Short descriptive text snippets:
= = = = =

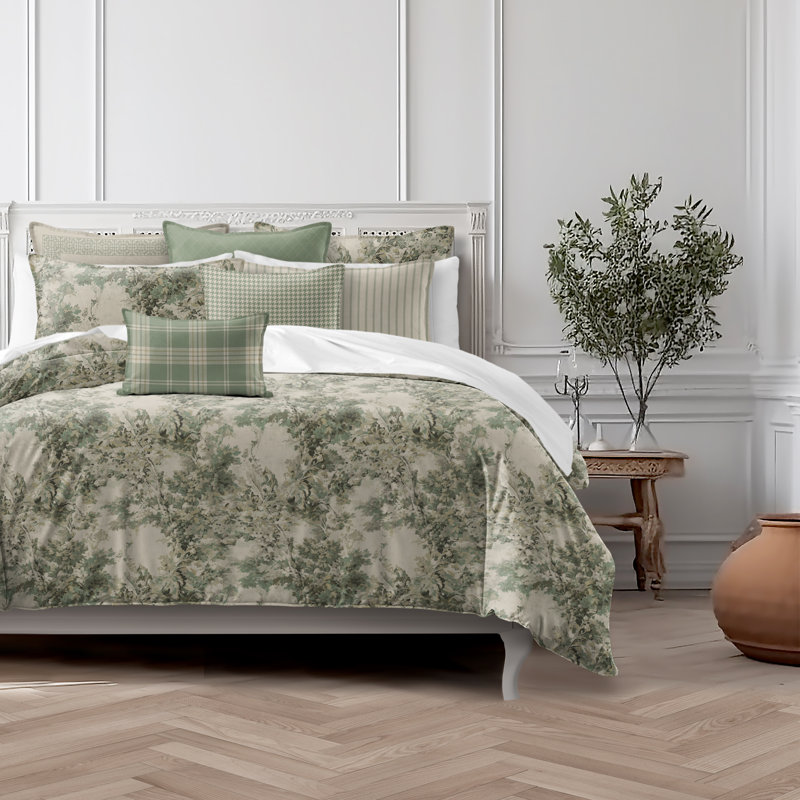 Dolce  Spring Green Cotton Duvet Cover Set  8 Piece, Super King Duvet Cover + 7 Additional Pieces
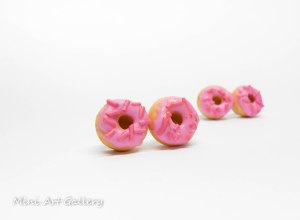 Pink donuts studs post earrings / truffle sprinkes / polymer clay handmade jewellery / miniature food jewelry / doughnuts kawaii foodie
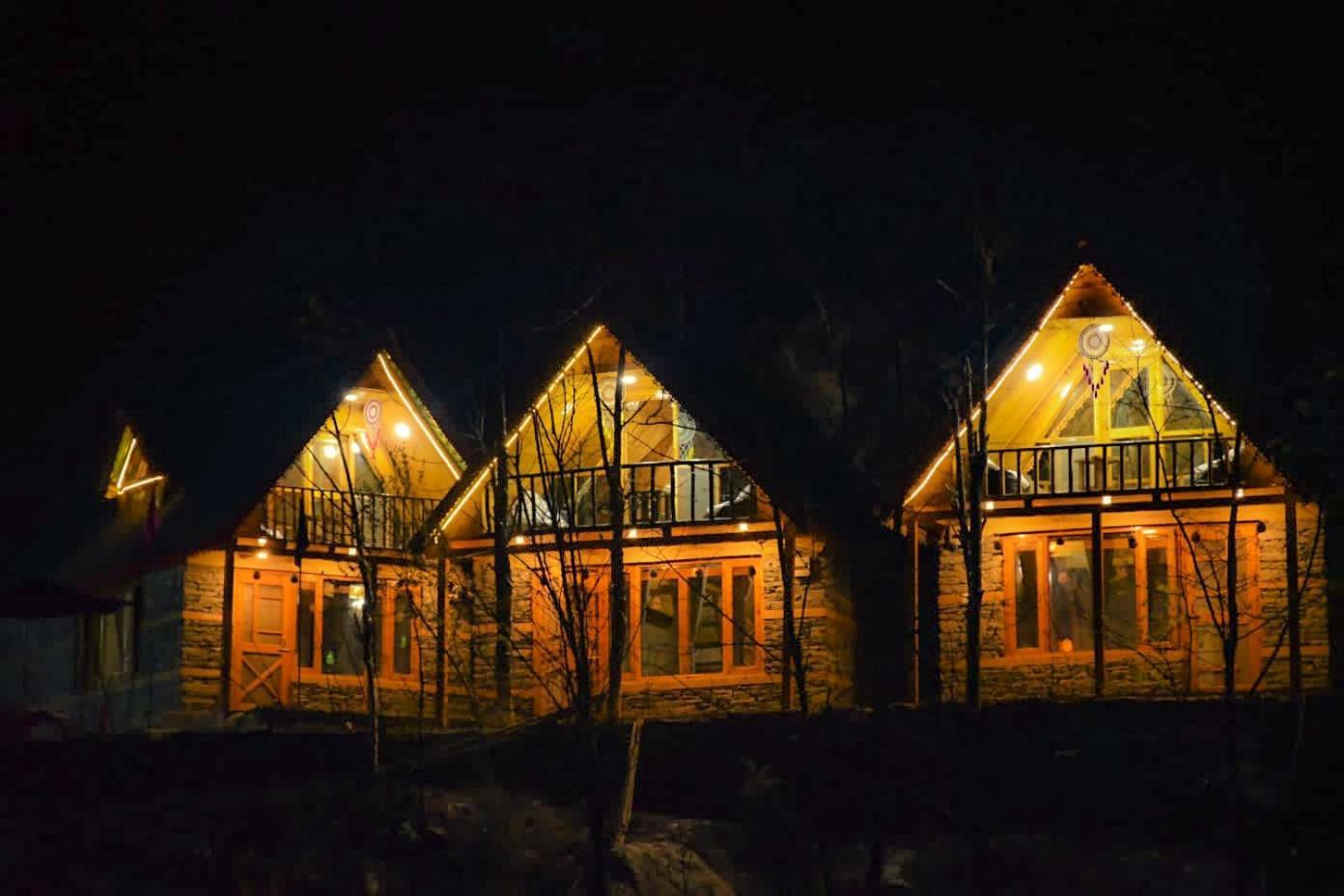 Sainj Riverside Cottages ภายนอก รูปภาพ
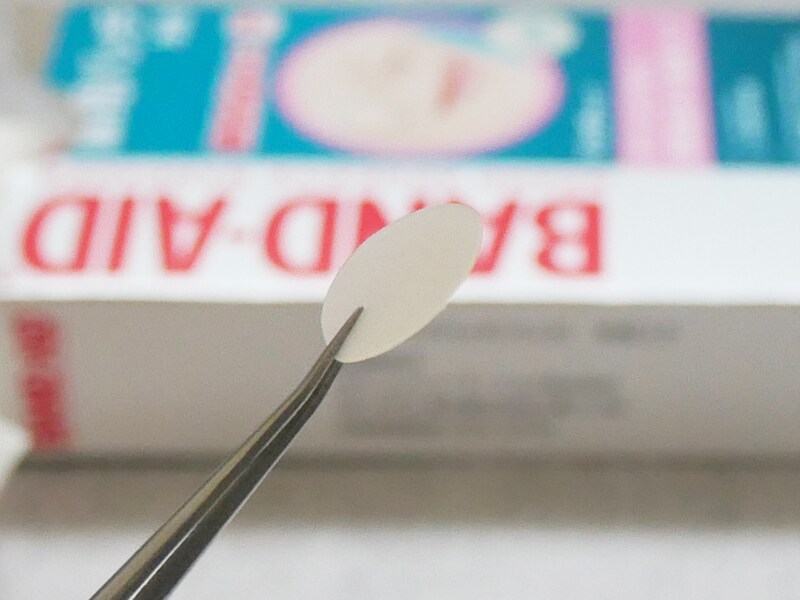 バンドエイド 顔用パッチ 使い方
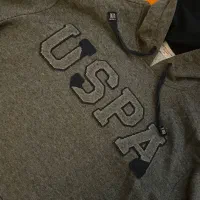 هودی و کلاه|لباس|مشهد, فلسطین|دیوار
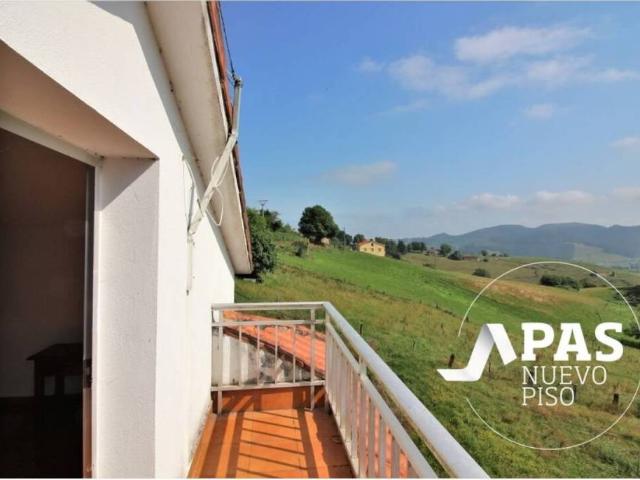 Casa en venta en Riotuerto, Cantabria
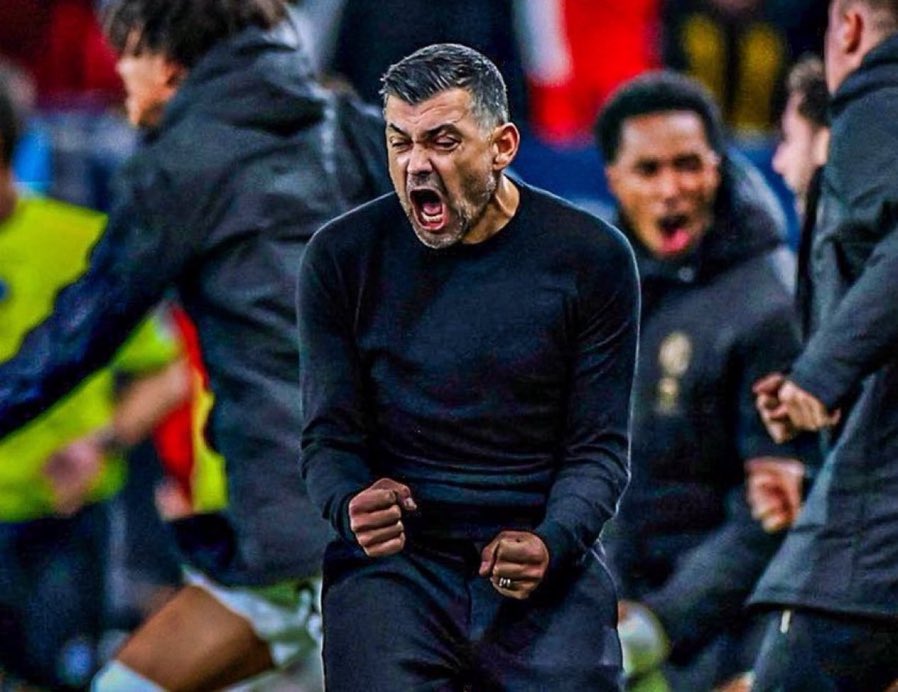 بالنسبة لي 

سيرجي كونسيساو يناسب الاتحاد وراح ينجح مع الاتحاد بإذن الله 

راح تحبون سيرجي كونسيساو في الاتحاد صدقوني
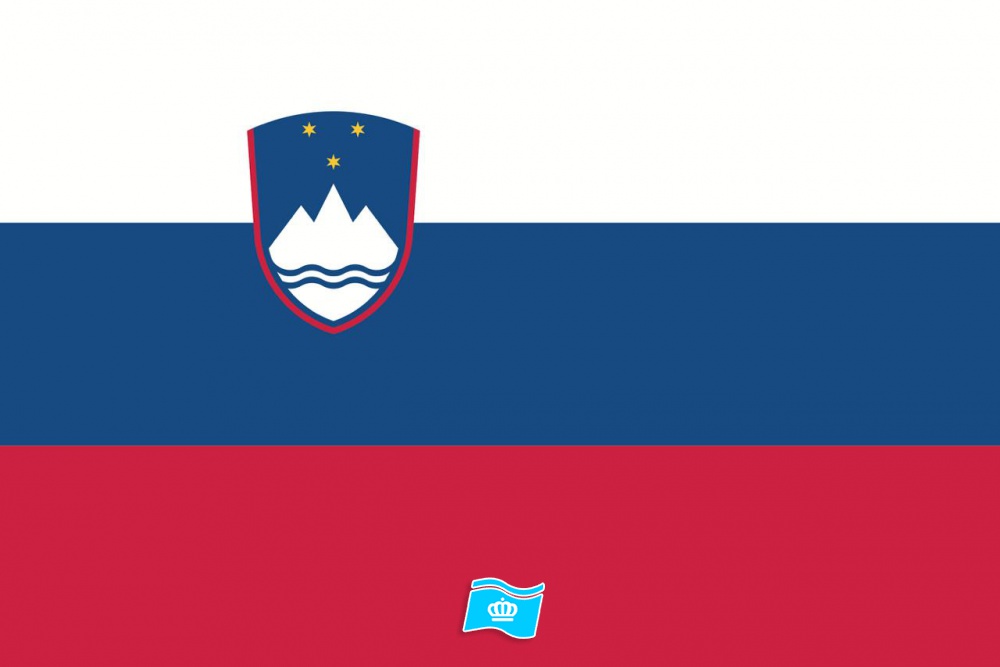 Gebruikte vlag Slovenie 150x225 cm, uitverkoop Gebruikte vlag Slovenie 150x225 cm, uitverkoop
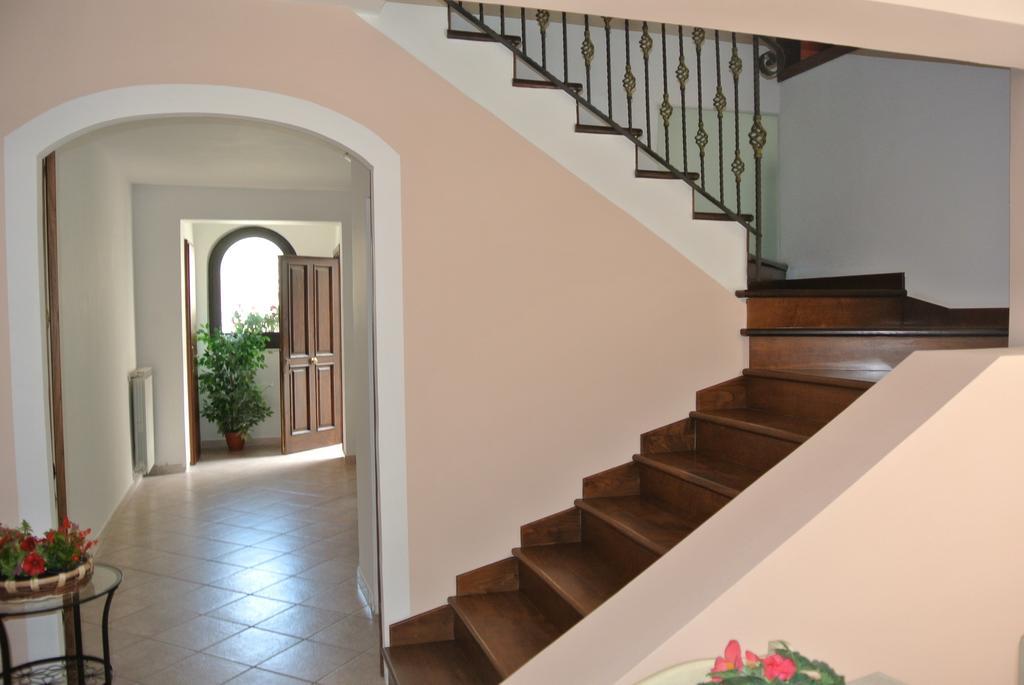 B&B Casa Antonia Trentinara Bagian luar foto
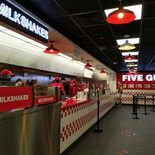 five-guys-burgers-singapore 06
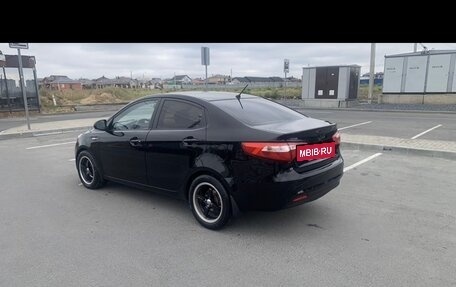 KIA Rio III рестайлинг, 2011 год, 800 000 рублей, 4 фотография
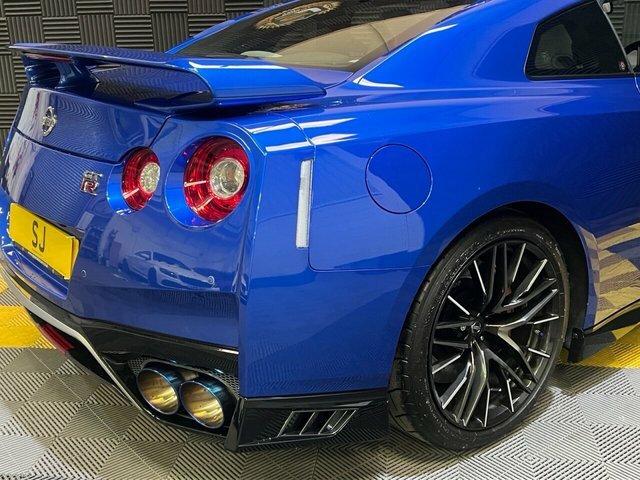 Nissan GT-R Prestige Gold #18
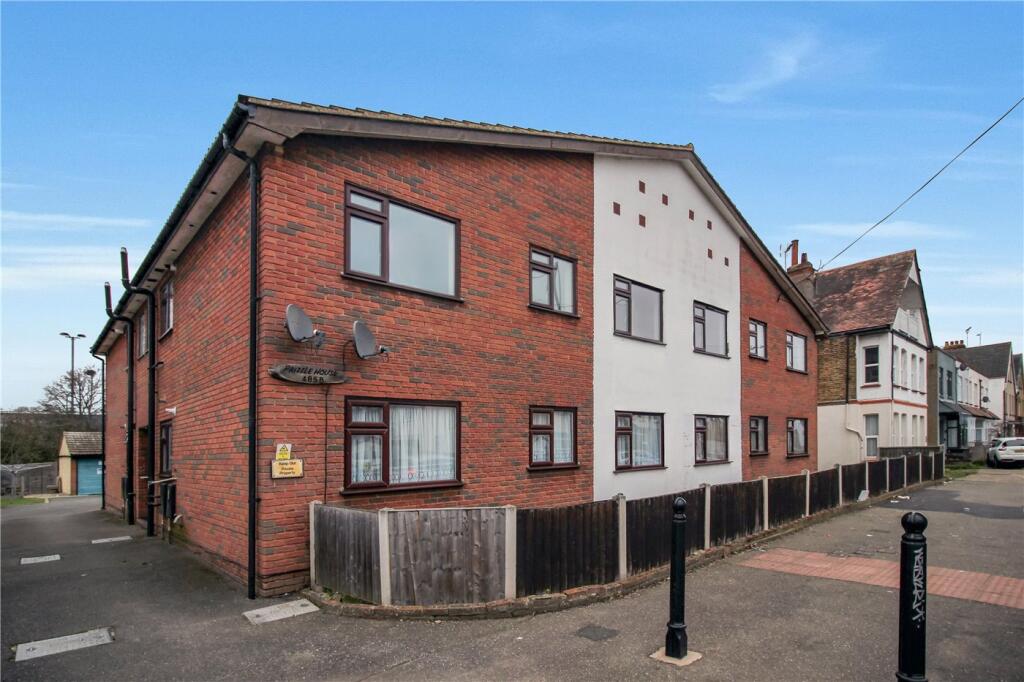 Main image of property: Fairfax Drive, Westcliff-on-Sea, Essex, SS0
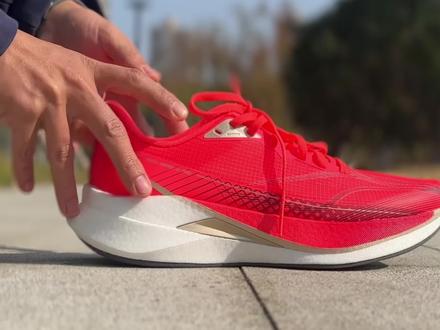 赤兔9Pro和两千公里5代对比,分享我的观点,如果是你,你会咋选呢⁉️#创作者中心 #创作灵感 #超轻跑鞋推荐 #跑鞋推荐 #跑鞋对比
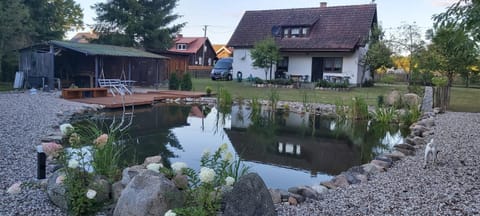 Swimming pool, Swimming pool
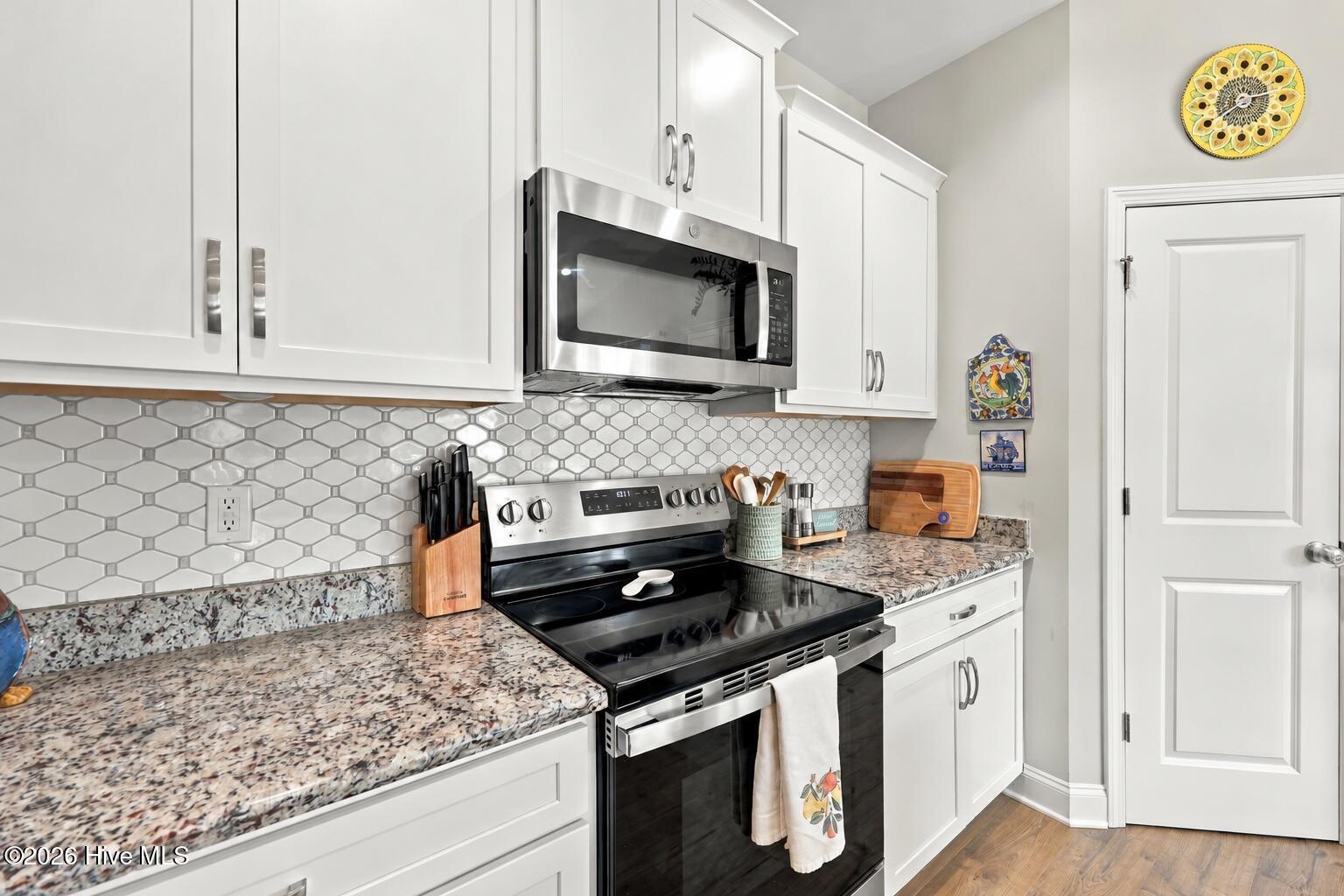 242 Thistle Court Property Photo 12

= = = = =

**Assignment:** Output the records verbatim without pictures.

**Response for this exercise:**
 Dolce  Spring Green Cotton Duvet Cover Set  8 Piece, Super King Duvet Cover + 7 Additional Pieces
 Pink donuts studs post earrings / truffle sprinkes / polymer clay handmade jewellery / miniature food jewelry / doughnuts kawaii foodie
 Sainj Riverside Cottages ภายนอก รูปภาพ
 バンドエイド 顔用パッチ 使い方
 هودی و کلاه|لباس|مشهد, فلسطین|دیوار
 Casa en venta en Riotuerto, Cantabria
 بالنسبة لي 

سيرجي كونسيساو يناسب الاتحاد وراح ينجح مع الاتحاد بإذن الله 

راح تحبون سيرجي كونسيساو في الاتحاد صدقوني
 Gebruikte vlag Slovenie 150x225 cm, uitverkoop Gebruikte vlag Slovenie 150x225 cm, uitverkoop
 B&B Casa Antonia Trentinara Bagian luar foto
 five-guys-burgers-singapore 06
 KIA Rio III рестайлинг, 2011 год, 800 000 рублей, 4 фотография
 Nissan GT-R Prestige Gold #18
 Main image of property: Fairfax Drive, Westcliff-on-Sea, Essex, SS0
 赤兔9Pro和两千公里5代对比,分享我的观点,如果是你,你会咋选呢⁉️#创作者中心 #创作灵感 #超轻跑鞋推荐 #跑鞋推荐 #跑鞋对比
 Swimming pool, Swimming pool
 242 Thistle Court Property Photo 12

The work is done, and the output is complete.